EXERCISE DETAILS: Beginning with the line that contains "fancy rabbit Holland loop and English angora", copy each subsequent line of the data below through the last one, including both ends but not the pictures.

(Web page caption snippets)
____
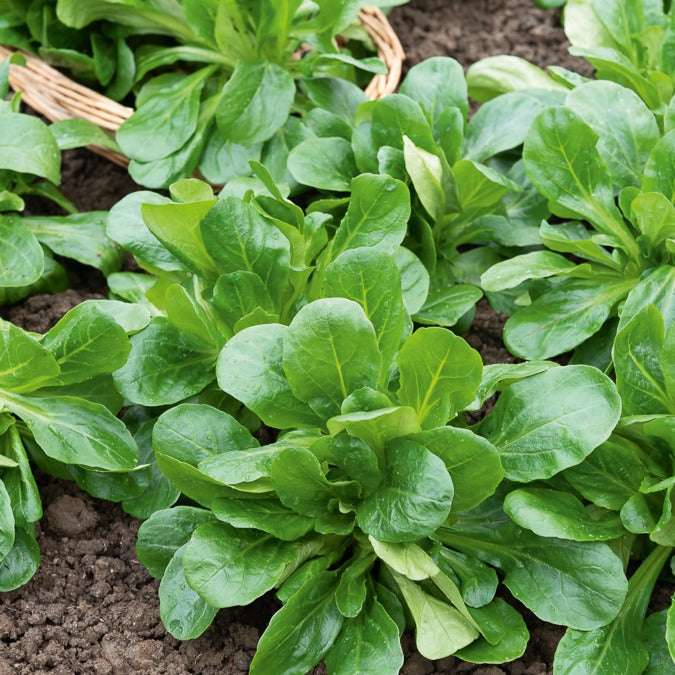 Mâche Favor - Valerianella locusta favor - Willemse
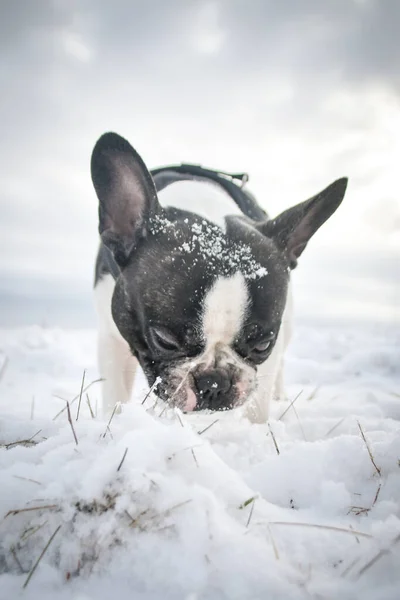 雪の中でフランスのブルドッグが畑を走っている 雪の中の冬の楽しみ — ストック写真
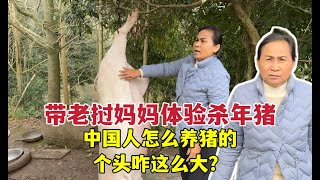 Chinese New Year pig killing！老撾丈母娘頭次見殺年豬，直接懵了：這豬咋養的，長這麼大？ [upl. by Buckingham]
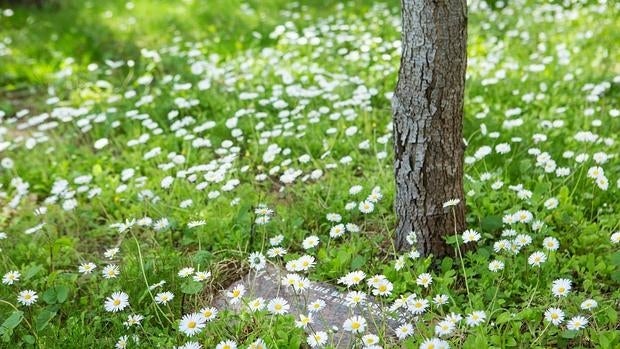 Cuando la tumba es un árbol: el cementerio más ecológico de España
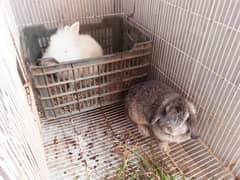 fancy rabbit Holland loop and English angora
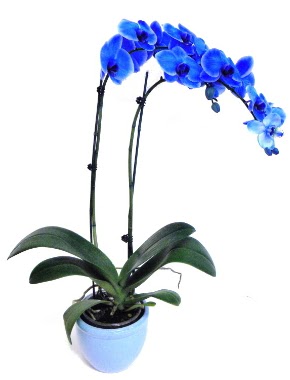Seramikli 2 dall sper esiz mavi orkide  Ankara mitky iek servisi , ieki adresleri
____
EXERCISE SOLUTION:
 fancy rabbit Holland loop and English angora
Seramikli 2 dall sper esiz mavi orkide  Ankara mitky iek servisi , ieki adresleri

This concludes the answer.